86 – La compagnie Avanssur sera également condamnée à verser à Mme [K] la somme de 1.000 euros au titre des frais irrépétibles engagés en cause d’appel.
PAR CES MOTIFS
La Cour,
Ordonne la jonction des deux dossiers RG 23-3656 et RG 23-4735 qui seront enregistrés sous le numéro RG 23-3656,
Confirme le jugement déféré en ce qu’il a :
— fixé le montant de l’indemnisation du préjudice matériel à hauteur de 277.362,66 euros,
— fait droit aux demandes en paiement de M. et Mme [Z] à hauteur de 201.642,73 euros et au recours subrogatoire de la société Pacifica à hauteur de 75.719,93 euros,
— retenu la garantie de la société Avanssur des condamnations mises à la charge de Mme [K],
Infirme le jugement déféré en ce qu’il a :
— déclaré irrecevable l’assignation délivrée à M. [A] [R],
— retenu la responsabilité totale de Mme [K],
— a condamnée Mme [K] seule à réparer le préjudice matériel des époux [Z] à 100%,
— a fixé le montant de la garantie due par la société Avanssur à Mme [K] à 100% du montant de l’indemnisation du préjudice matériel,
Statuant à nouveaux des chefs du jugement infirmés et y ajoutant,
Dans la limite de sa saisine,
Déclare recevable l’assignation délivrée le 14 décembre 2021 à M. [E] [A] [R], ainsi que les demandes de garantie faites à son encontre,
Déclare recevable l’action en paiement de M. et Mme [Z] et de la société Pacifica au titre de la subrogation légale,
Déclare irrecevable la demande en infirmation des ordonnances du juge de la mise en état du tribunal judiciaire d’Angoulême en date du 23 mai et 25 octobre 2022,
Déclare Mme [K] responsable de plein droit à 50 % des dommage causés par son fils mineur [V] [K], avec M. [A] [R] responsable à 50%.

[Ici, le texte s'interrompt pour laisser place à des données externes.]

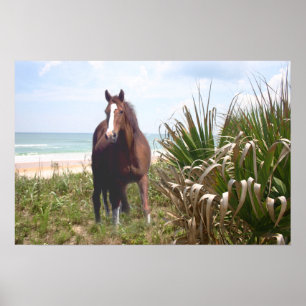 Horse Poster Beach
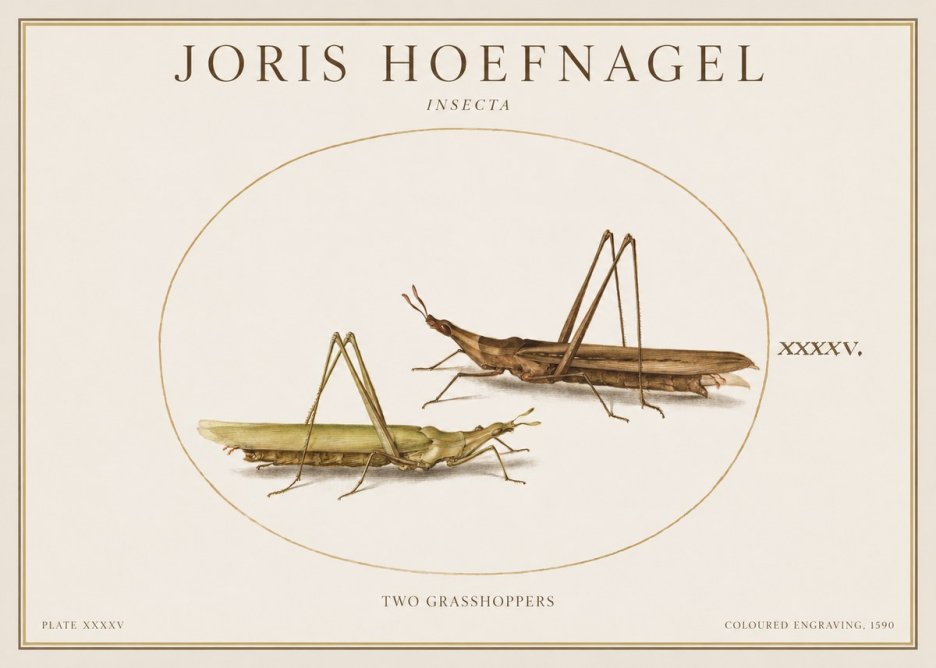 Joris Hoefnagel Two Grasshoppers No1 - Juliste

Condamne Mme [K] à verser à M. et Mme [Z] la somme de 100.821,04 euros en indemnisation du préjudice matériel,
Condamne M. [A] [R] à verser à M. et Mme [Z] la somme de 100.821,04 euros en indemnisation du préjudice matériel,
Condamne M. [A] [R] à garantir la compagnie Avanssur à hauteur de 50% des condamnations qui prononcées à l’encontre de Mme [K] en première instance, soit à hauteur de la somme de 100.821,04 euros correspondant aux sommes dues par M. [A] [K] aux époux [Z] et à hauteur de la somme de 37.859,97 euros correspondant aux sommes dues par M. [A] [R] aux époux [Z] mais garantis par la société Pacifica,
Déboute les parties du surplus de leurs demandes,
Condamne in solidum la compagnie Avanssur et M. [A] [R] à verser à M. et Mme [Z] de la somme complémentaire de 2.000 euros au titre des frais irrépétibles engagés en cause d’appel,
Condamne la compagnie Avanssur à verser à Mme [K] la somme de 1.000 euros au titre des frais irrépétibles engagés en cause d’appel,
Condamne in solidum la compagnie Avanssur et M. [A] [R] aux dépens.
Le présent arrêt a été signé par Laurence MICHEL, présidente, et par Vincent BRUGERE, greffier, auquel la minute de la décision a été remise par le magistrat signataire.